I've not yet learned who won the highest bid for my 2010 Cookie of the Month services at the scholarship auction, but I still have the last two deliveries of 2009 to make for this year's winners. November's choice is a recipe that I found in a magazine years ago in a Libby's canned pumpkin ad... I think. Anyway, the recipe has been made a hundred times and is a particular favorite of my oldest son, Lars. Great Pumpkin Cookies - a fitting choice for November. (Sorry about all the artificial light and shadow in these photos - it's been rather dreary weather here in Wisconsin for the last few days - nice temps, but no sun.)
Here are your ingredients:
4 cups flour
2 cups rolled oats
2 t. baking soda
2 t. cinnamon
1 t. salt
1 1/2 cups butter
2 cups brown sugar
1 cup granulated sugar
1 egg
1 t. vanilla
1 (16 oz.) can pumpkin
1 bag (12 oz.) semi sweet chocolate chips
Soften up three sticks (1 1/2 cups) butter.
Add the two cups of brown sugar.
and one cup white sugar.
Beat until light and fluffy.
Add egg and vanilla.
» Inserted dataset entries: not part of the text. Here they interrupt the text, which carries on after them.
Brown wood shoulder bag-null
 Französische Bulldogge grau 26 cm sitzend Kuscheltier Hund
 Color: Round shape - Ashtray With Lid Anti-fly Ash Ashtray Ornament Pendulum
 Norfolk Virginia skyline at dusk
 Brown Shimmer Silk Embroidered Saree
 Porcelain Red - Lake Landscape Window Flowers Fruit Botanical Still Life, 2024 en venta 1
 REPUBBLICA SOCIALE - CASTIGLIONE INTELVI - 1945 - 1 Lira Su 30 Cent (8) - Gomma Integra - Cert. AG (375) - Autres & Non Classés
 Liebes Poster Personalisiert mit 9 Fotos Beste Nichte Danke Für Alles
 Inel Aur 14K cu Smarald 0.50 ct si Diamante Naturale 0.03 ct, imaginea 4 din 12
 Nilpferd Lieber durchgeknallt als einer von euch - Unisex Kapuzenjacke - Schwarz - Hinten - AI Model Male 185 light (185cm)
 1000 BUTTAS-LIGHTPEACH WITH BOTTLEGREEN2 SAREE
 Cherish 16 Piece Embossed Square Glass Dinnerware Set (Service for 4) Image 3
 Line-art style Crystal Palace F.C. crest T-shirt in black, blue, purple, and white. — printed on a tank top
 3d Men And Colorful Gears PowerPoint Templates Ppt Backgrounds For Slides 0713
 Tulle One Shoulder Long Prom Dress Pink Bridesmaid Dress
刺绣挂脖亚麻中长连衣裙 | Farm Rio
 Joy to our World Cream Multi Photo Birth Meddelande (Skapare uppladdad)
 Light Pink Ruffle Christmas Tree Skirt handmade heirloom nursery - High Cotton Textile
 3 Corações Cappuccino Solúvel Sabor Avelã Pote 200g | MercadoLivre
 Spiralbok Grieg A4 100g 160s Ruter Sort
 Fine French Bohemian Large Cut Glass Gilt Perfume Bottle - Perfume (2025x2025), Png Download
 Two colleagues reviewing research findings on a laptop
Mix well.
In a separate bowl,
measure out the flour, oats,
baking soda, cinnamon and salt.
Combine those dry ingredients into a crumbly mixture.
Open up the can of pumpkin.
Some people prefer to bake pumpkin wedges
and make their own puree. Each to his own.
Alternate additions of the dry mixture and the pumpkin
- mixing well after each.
Sometimes I add a little yellow and red food coloring
to amp up the orange factor.
Add the bag of chocolate chips.
These are drop cookies and although they taste wonderful, they aren't very attractive -- but since Beth and her family paid big money for cookie of the month, I do my best to make them uniform and pretty. This time I'll try piping them from a large pastry bag with a big round open tip. (The pastry tip only got clogged with chocolate chips once.)
I also stuck a chocolate chip on top of each one so they wouldn't just look like plain blobs after baking. I used parchment, but they are fine on an ungreased cookie sheet. Bake at 350 degrees for about 12 minutes if you make them the size of a heaping tablespoon - longer if bigger.
These turn out to be soft, cake-like cookies and very moist.
Very tasty.
This recipe makes about 80 two inch cookies.
Happy Thanksgiving prep. May all your baking come out scrumptious, your pies perfect and your dinner dishes delicious. I know I still have two French Silk pies and two large pans of cheesy potatoes to make for the big feast at my sister's house tomorrow.